An invasion of tourists from an American cruise ship was not a thing that happened every day in this little town and they were going to make it memorable. They put together a luncheon where the tables groaned with food. A small orchestra played at eighty-six decibels. Hostesses smiled and offered you drinks. They thought of everything but chairs and silverware.

For entertainment, they staged a gymnastic exhibition in the school gym. As we filed in, we nearly passed out from the paint fumes, but we slid onto the bright blue benches to watch Russian children perform with the style and grace for which they are noted. When they finished, my husband leaned over and said, “We can go now.” I whispered back, “You can go. My shoes are stuck to the floor.” Looking around, I realized they weren't the only things embedded in the paint. Those who couldn't get a seat carried away paint on their slacks and sweaters from brushing against the doorways.

All of it was awkward—like two countries on a blind date. But then an extraordinary thing happened as it can only when people are left to their own devices. Our buses had pulled up to the Nakhodka Museum, a dreary collection of maritime memorabilia and restrooms that didn't work. As the Americans sat on the steps, a few took yet another picture of yet another Lenin statue that dominated the square. Mostly, we were killing time. From a distance came a parade of the town's citizens. Mothers in their best dresses pushed babies in strollers. Men appeared in suits and ties, and from somewhere a group of musicians started to play music on the museum steps. The townspeople made a circle and began to dance for us. The Americans made the circle even larger. We couldn't begin to communicate with one another, but somehow there was a strong feeling that if we both reached out, we would remember this day for a long time.

I did.

The following year I was invited to Russia along with eight other American women to have a dialogue with members of the Soviet Women's Committee. It was a working visit sparked by Ellen Levine, editor of Woman's Day magazine, and an organization called Peace Links created by Betty Bumpers of Arkansas. We hoped the meeting would result in an exchange of problems, followed by an exchange of solutions.

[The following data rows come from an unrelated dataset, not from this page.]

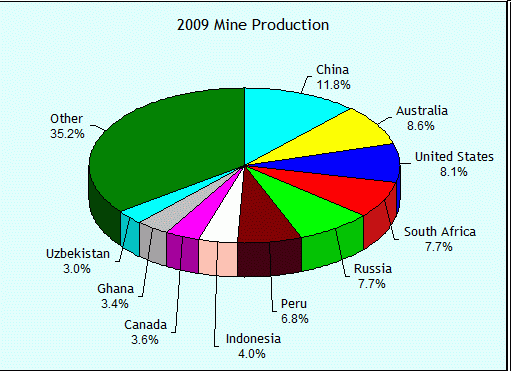 Παγκόσμια παραγωγή χρυσού 2009 (Ευρωπαϊκή νομοθεσία ΒΑΤ σελ. 16) Παραγωγή χρυσού στην Ε.Ε. το 2001: 24,9 τόνοι Παραγωγή χρυσού στην Ρωσία το 2001: 152 τόνοι Χώρες Ε.Ε. που χρησιμοποιείται κυάνιο στην μεταλλουργία χρυσού : Φινλανδία, Ισπανία, Σουηδία, Βουλγαρία Υποψήφιες χώρες Ε.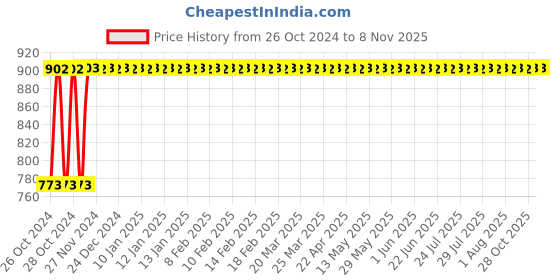 moglix.com Siemens Betagard 6A Double Pole C Curve MCB, 5SL62067RC, Breaking Capacity: 7.5 kA siemens Price History Graph from 26 Oct 2024 to 8 Nov 2025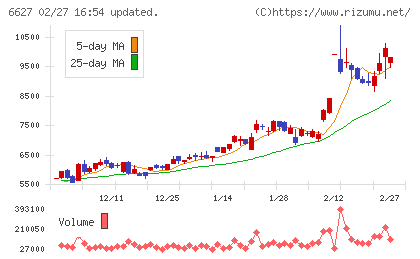 テラプローブチャート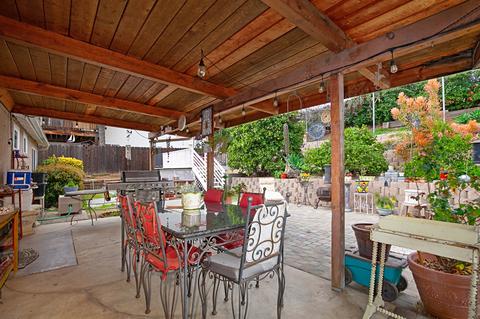 1572 Zephyr Ave, El Cajon, CA 92021 photo 19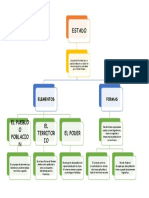 Mapa Conceptual Estado Colombiano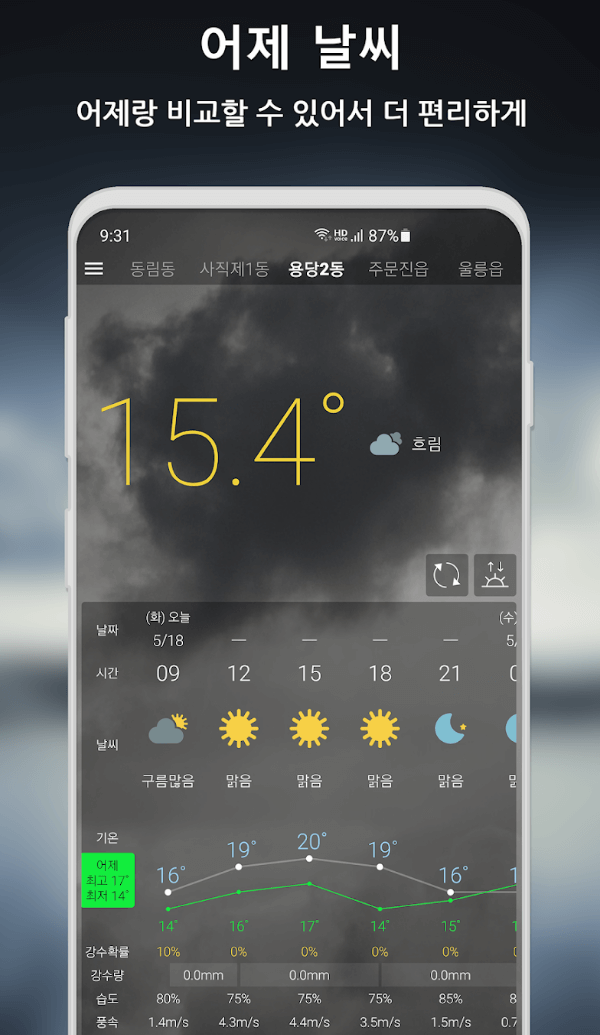 미세먼지 사이트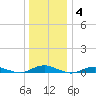 West Fire Island tide chart for Tuesday, January 4, 2022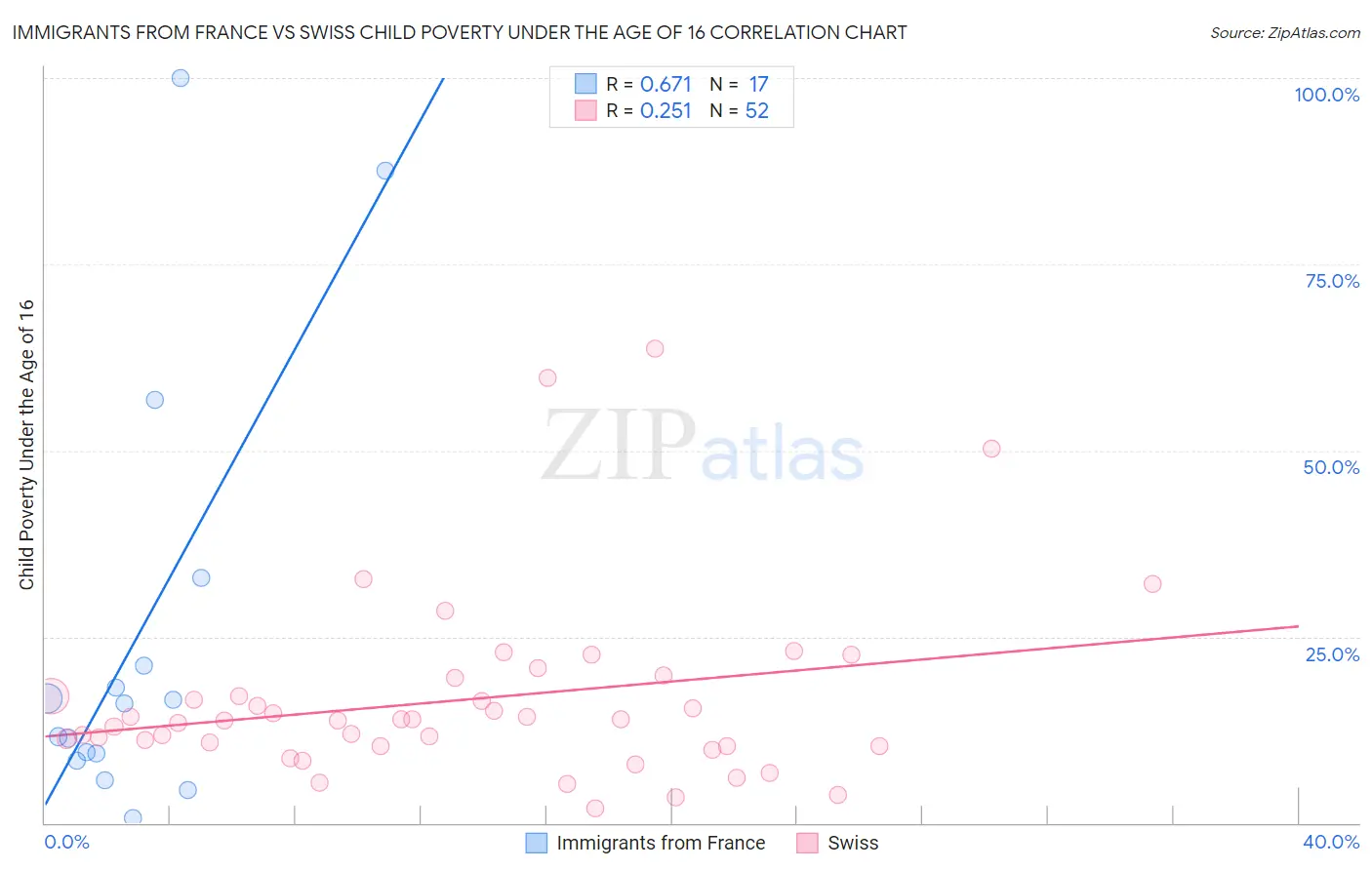 Immigrants from France vs Swiss Child Poverty Under the Age of 16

As I sat at the long table, tilted on the side of the Russians by sheer numbers, I at last had a chance to look into the eyes of these people. Maybe if we cried about the same things and laughed about the same things there was hope for the world.

Since I was introduced as a humorist, I began my remarks by telling them that the major problem of American women was that for every pair of socks put into the washer, only one sock came back. We figured it went to live with Jesus.

It wasn't the first time I had told a joke and died. It was, however, the first time I felt they were going to outline my body in chalk. How could Russian women possibly relate to washing machine stories when no one owned one?

Moving right along, I told them the second major problem in America was men who sat around and watched one hundred and eighty-seven football games a weekend. At this point, the entire Russian delegation snapped to life and the chairman interrupted, “Mrs. Bombeck, you have just touched upon a global problem. What do you do in America about husbands who watch too much TV?”

I told her I had mine declared legally dead and his estate probated.

The laughter came. It was a Laughnost breakthrough. From there on in, we became a good-ole-girls network trying to pinpoint our concerns and how we could deal effectively with them.

One woman told us how Russian women were given the incentive of 200 rubles ($336 in U.S. currency) for giving birth to triplets. She added dryly, “You don't see anyone racing for the door, do you?”

Another one complained about the reticence of the Russians to talk about sex. “There is no sex education taught in schools. My only instruction was from my mother who said, 'You'll get sick of the whole business soon enough.” (The unmarried American delegate on my left mumbled, “Don't I wish.” The translator broke up.)

At one point, one of the women, who held a doctorate in education, excused herself from the table. When we asked where she was going, we were told her grandchild was home ill and she wanted to check on him. They had caring grandmothers . . . even in the Evil Empire. Imagine that.